Lanthimos and Ryan’s artistic partnership was based on the director’s need for someone willing to step out of conventions, and in that regard he found a remarkable risk-taker in Ryan. “I like is when DPs are fearless, bold, and eager to try new things. When they dare to go into places that they might feel are uncomfortable or dangerous. Ultimately, you’re rewarded in the end,” said the helmer. Before considering Ryan, he had seen most of his repertoire, not only in feature films but also in music videos and commercials. Even if Lanthimos was asking for something quite different to he had done up to that point, Ryan delivered both in craft and courage.  

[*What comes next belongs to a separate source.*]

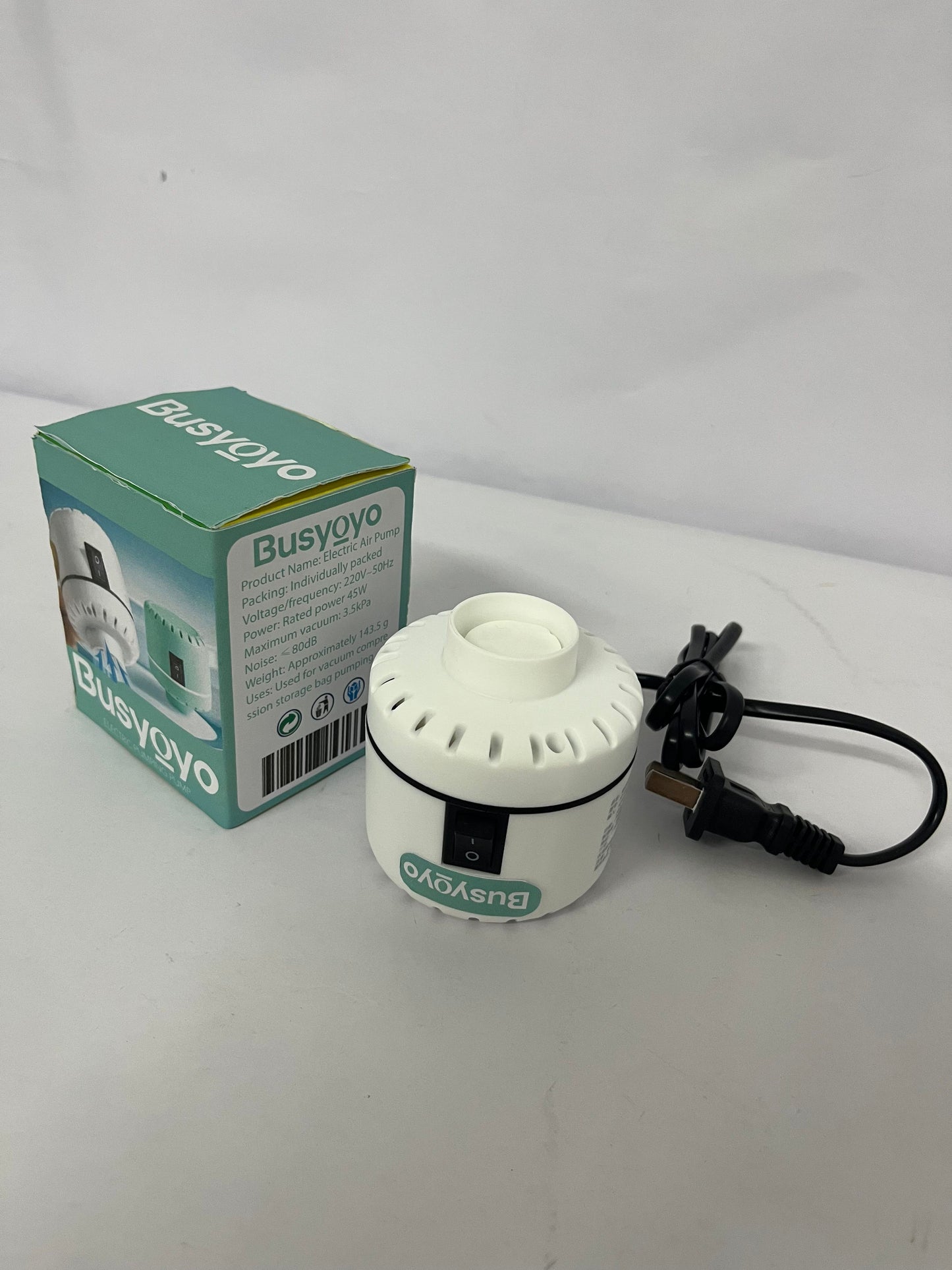 Busyoyo Electric Pump for Vacuum Storage Bags Travel Vacuum Pump for Various Vacuum Seal Bags Portable Air Pump for Compression Clothing Blanket Luggage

For his part, Ryan was glad to have devoted himself to The Favourite’s success. That meant aligning his talent and skills with Lanthimos’s overall enterprise. “The best approach is always being able to adapt to a director’s particular style. To not necessarily impose your own style on that director. Unless they’re looking for something, it’s better that you try and adapt to their thinking,” he said. “Hopefully, whatever you can bring to a project will filter through into whatever their ideas are, and it’s a nice fusing.”  MM

The Favourite opened in theaters November 23, 2018, courtesy of Fox Searchlight. All images courtesy of Fox Searchlight.